Exercise prompt:
Pictures excluded, retype the lines from the one containing "Kamel - Frauen" through the last line of the data below, both included.

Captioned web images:
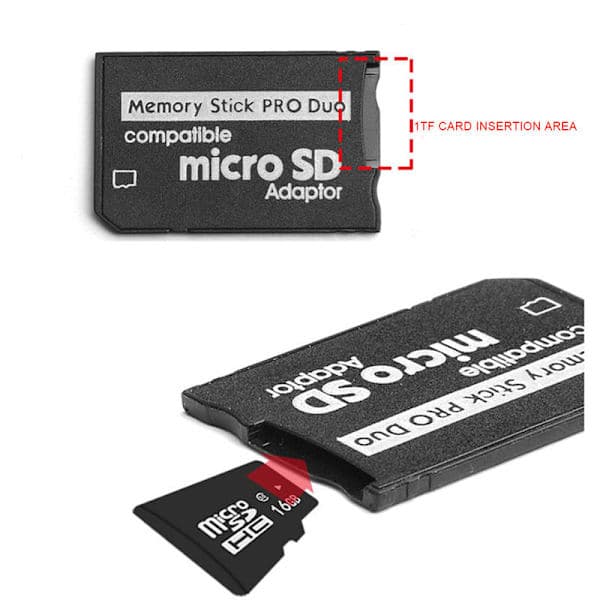 Adapter, -SD/-SDHC TF-kort til Memory Stick Pro Duo-kort for PSP-kortadapter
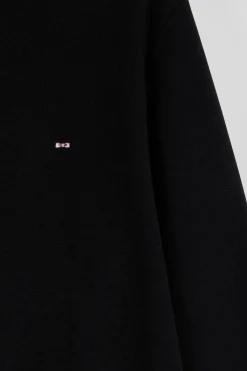 Pull col camionneur zippé en laine et coton noir coupe Regular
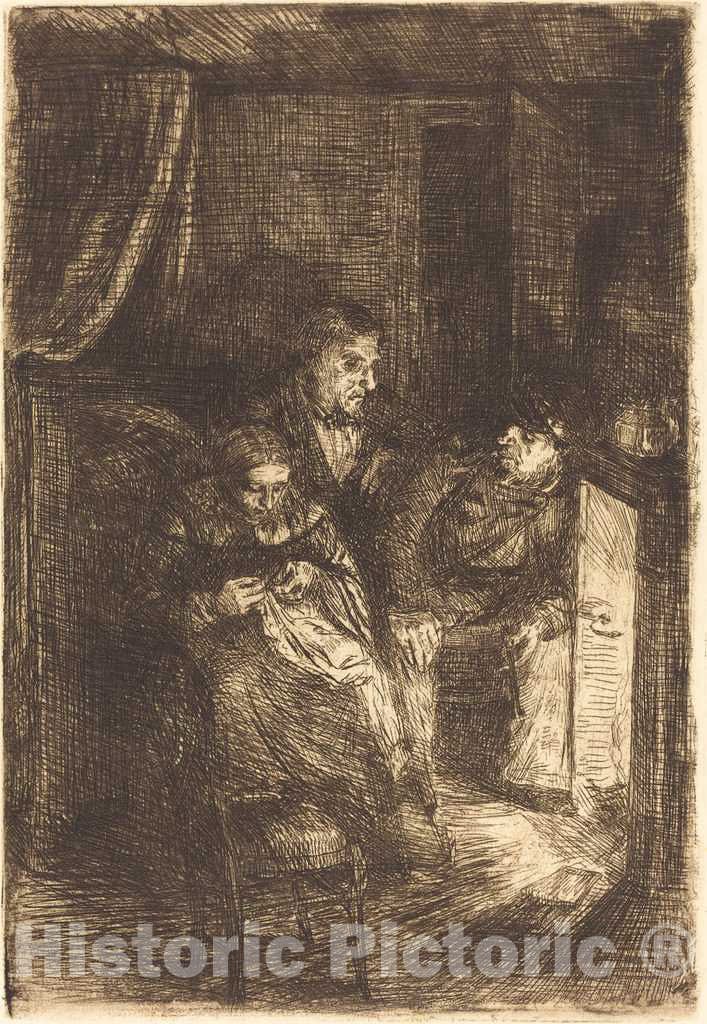 Art Print : Alphonse Legros, The Hearth (Le Foyer) - Vintage Wall Art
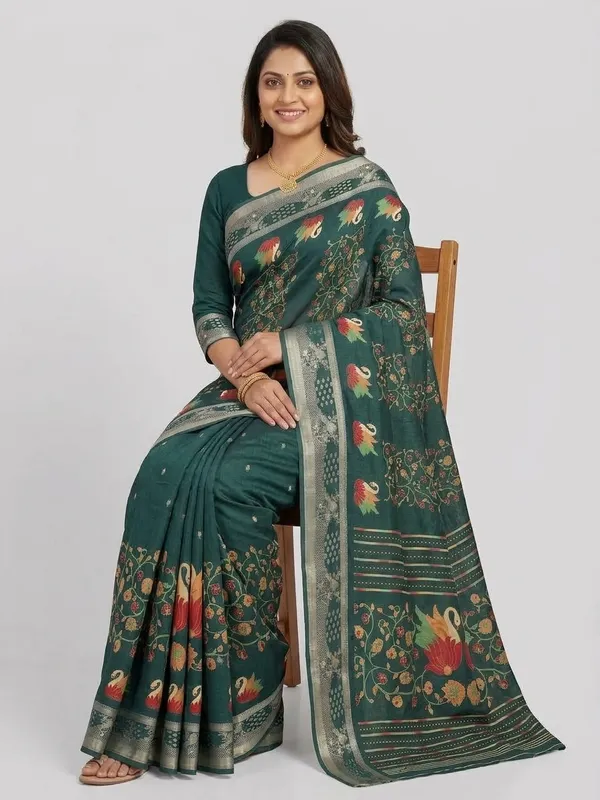 Myntra saree photo made by SareeViz: model seated on a chair, on a light grey background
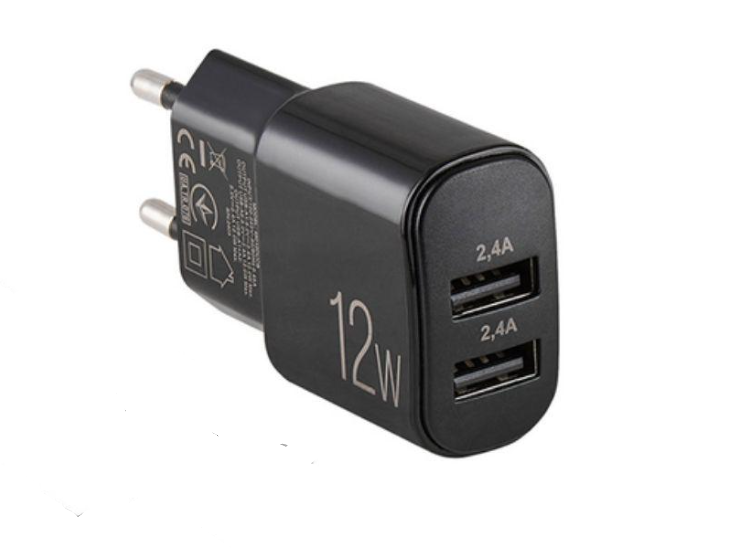 Зарядное устройство Brevia ePower 12 Вт 2хUSB-A и кабелем USB-A Lightning 1 м (45012DULB)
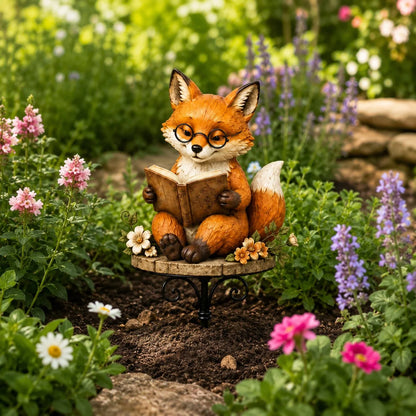 Outdoor Animal Reading Garden Stake for Garden Display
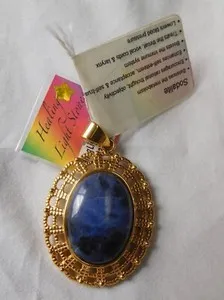 Authentic Natural Yellow Gold-Plated Oval Pendants by Healing Light Stones Sodalite & Jade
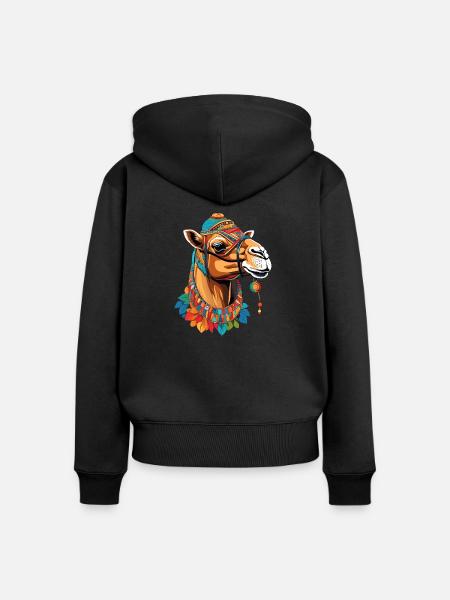 Kamel - Frauen Premium Bio Zip Hoodie - Schwarz
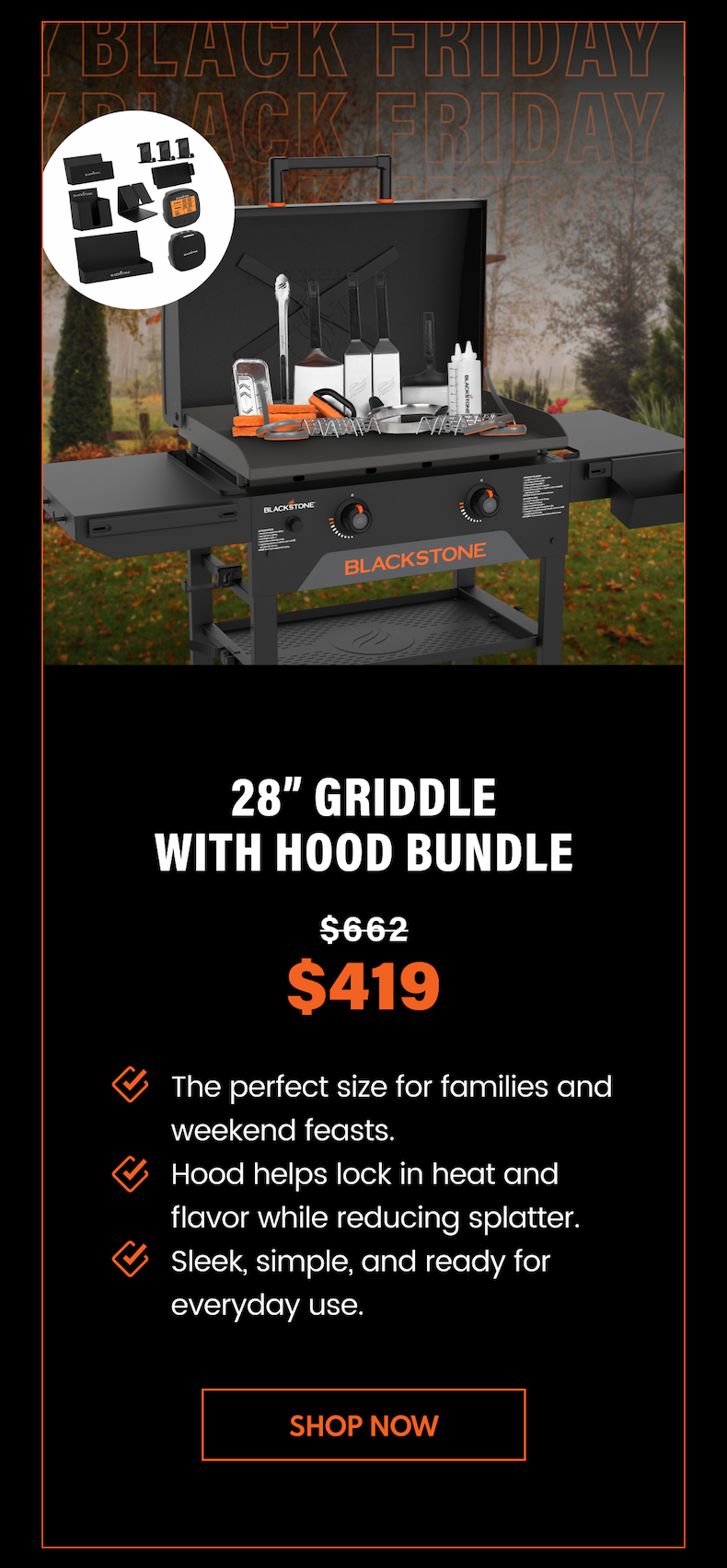 28" Griddle With Hood Bundle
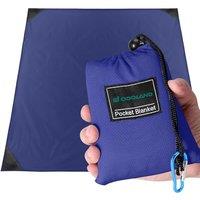 Odoland Hiking Blanket 180 x 160 cm Pocket Blanket Waterproof Heatproof Sandproof Thin Ground Sheet  Lightweight Foldable Beach Mat for Outdoor Campi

Task output:
 Kamel - Frauen Premium Bio Zip Hoodie - Schwarz
 28" Griddle With Hood Bundle
 Odoland Hiking Blanket 180 x 160 cm Pocket Blanket Waterproof Heatproof Sandproof Thin Ground Sheet  Lightweight Foldable Beach Mat for Outdoor Campi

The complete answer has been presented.